Quando o iê-iê-iê invadiu os salões e a guitarra elétrica tomou o lugar do violão, Dengo se retirou dos palcos. Já não havia mais espaço para a música romântica, para os famosos bailes com dança de salão, para as valsas e boleros, para o choro, queixava sentido. E o conjunto aos poucos se desfez, só voltando a se reunir eventualmente para tocar em festa de amigos, ou pelo puro prazer de tocar juntos.

Nos últimos anos, Dengo recolheu-se em casa. Já não aceitava convite para se apresentar em público, embora continuasse a se dedicar à música em seu “atelier”, no quarto da sala, com estudo e treinamento diários.

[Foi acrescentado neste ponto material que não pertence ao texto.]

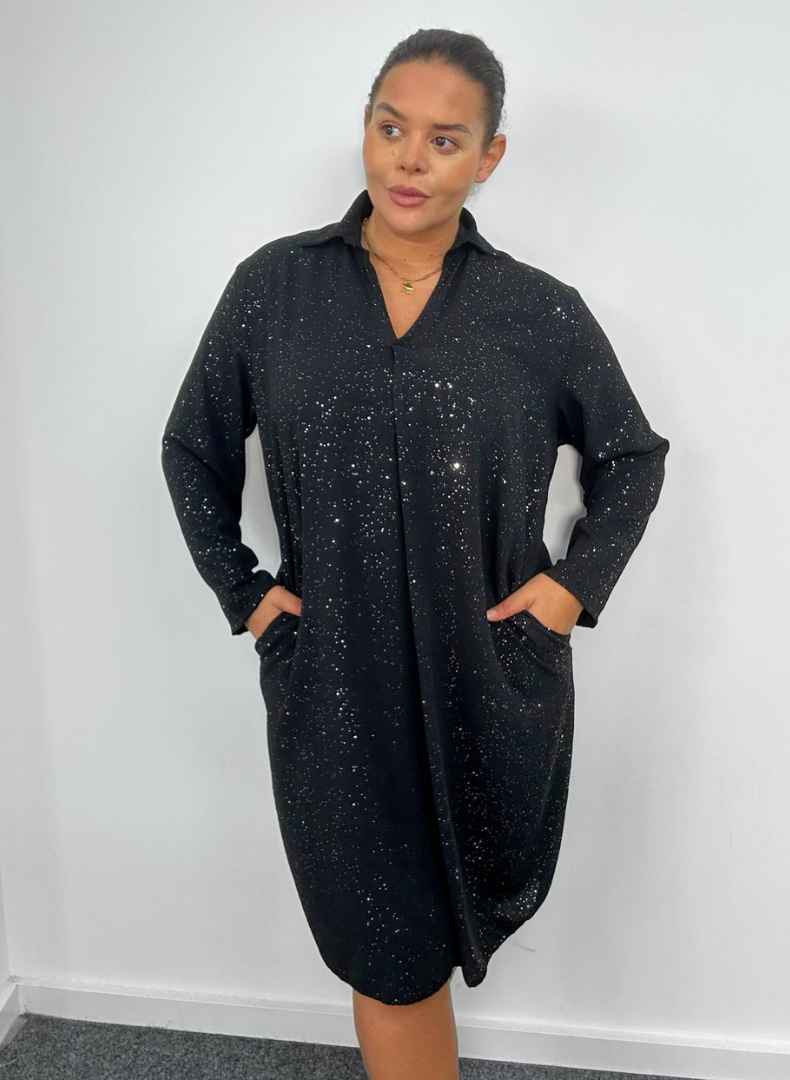 Confetti Kjóll m/vösum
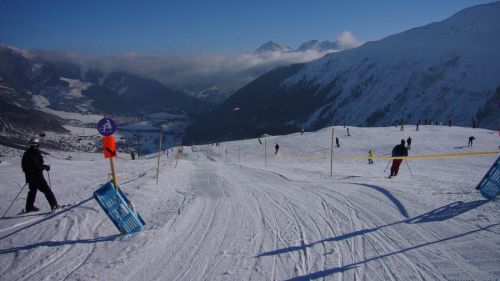 Schlittelbahn mit Rega-Heli im Anflug
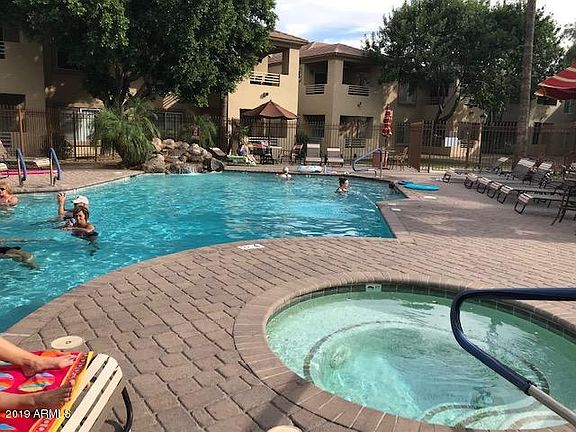 3rd image of 7401 W Arrowhead Clubhouse Dr Unit 1069
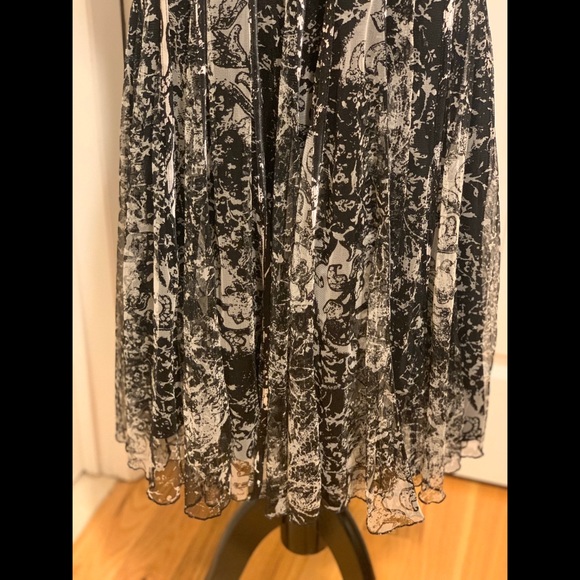 Dress - Picture 4 of 5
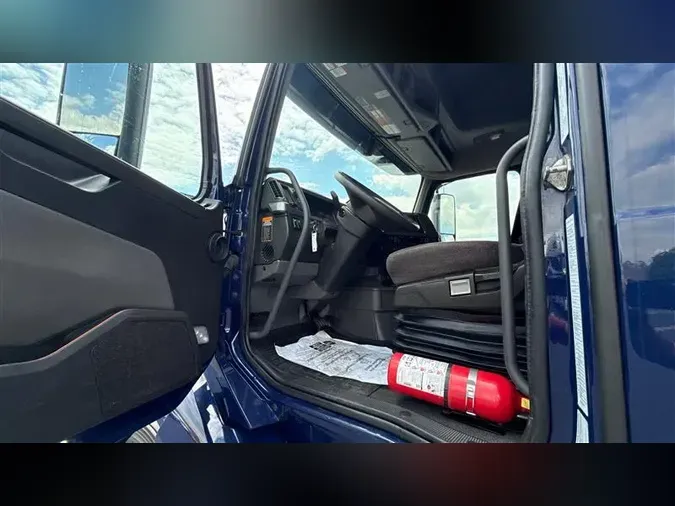 2022 VOLVO VNL760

Passou a vida em Pompéu o músico doceiro. Longe das gravadoras, nunca se preocupou em gravar. E, quando convidado, não aceitou. A notícia de seu talento chegou a outros músicos que o conheceram e admiravam. Joaci Ornelas foi estar com ele e quis trazê-lo a Belo Horizonte para uma gravação em estúdio. Mais tarde, propôs levar equipamento e gravá-lo em casa. Eu insisti. Queria tanto que o seu violão tocasse para o mundo! E continuasse a tocar pelos séculos além. Dengo, no entanto, lúcida e educadamente rejeitou a proposta, alegando medo de ser traído pela memória que, por vezes, súbito lhe dera de faltar. Agora, com sua partida, cala a voz de mais um violão, cala a voz de mais um músico mineiro, que poderia ter deixado uma grande contribuição para a arte e a cultura brasileira. E o País fica falto da boa música, que vai desaparecendo em detrimento de uma “música” de consumo, imposta nos meios de comunicação de massa.

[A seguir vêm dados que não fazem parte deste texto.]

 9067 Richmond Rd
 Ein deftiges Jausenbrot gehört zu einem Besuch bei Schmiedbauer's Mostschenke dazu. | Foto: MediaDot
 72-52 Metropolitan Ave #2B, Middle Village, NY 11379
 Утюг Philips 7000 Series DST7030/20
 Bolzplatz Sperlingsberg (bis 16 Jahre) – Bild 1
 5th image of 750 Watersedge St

Nós, que o conhecemos e ouvimos, lamentamos a sua ausência e o silêncio do seu violão até que o músico se re-integre a seu grupo lá em cima e tome lugar na grande orquestra, que há de se apresentar em breve. Nesse dia, em qualquer canto do mundo, se ouvirão vozes e violões, cavaquinhos e bandolins, banjo, bombos e bombardines, flautas, pistons e clarinetas, acordeons e pandeiros, piano, tuba, trombone e trombeta, ao lado da viola caipira na mais perfeita sintonia. São os músicos de Pompéu, acompanhados de Santa Cecília, a padroeira dos músicos, e de um coro de anjos, que festejam o aniversário do nosso amigo violonista, juntamente com o Natal do Menino Jesus, lembrando os mistérios da vida, o milagre do amor.

Comentários
  • FERNANDO ALAN MARTINS MACHADO 3714 dias atrás

    Parabéns à Professora Edméia pelo brilhante texto.

    Tive o prazer de ouvir o Sr Dengo tocar, em uma seresta que aconteceu em Pompéu, na década de 90, foi no Minas ao Luar.

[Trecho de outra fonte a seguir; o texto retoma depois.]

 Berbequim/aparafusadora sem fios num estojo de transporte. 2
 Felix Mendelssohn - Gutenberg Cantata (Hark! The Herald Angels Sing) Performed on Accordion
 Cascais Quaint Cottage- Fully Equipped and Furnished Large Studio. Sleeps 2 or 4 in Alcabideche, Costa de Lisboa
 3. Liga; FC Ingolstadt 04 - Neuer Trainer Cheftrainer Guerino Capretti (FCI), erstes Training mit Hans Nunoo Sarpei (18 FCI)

    O evento foi muito bonito e pessoas da idade avançada, como meu pai, Betim, aproveitaram para matar a saudade dos tempos de seresta. Esse dia ficou marcado na minha memória e me orgulho de ter visto o Sr Dengo dedilhar seu violão, creio que talvez tenha sido sua última apresentação em público.

  • Flávio Junior Porto 3714 dias atrás

    Dona Edmeia, sou grato a Deus por ter tido a senhora como minha educadora na infância. Este texto tem que ser lido nas escolas, para as crianças voltarem a ter gosto pela leitura. Linda e justa homenagem ao nosso Dengo. Uma justa homenagem a todos os familiares e amigos.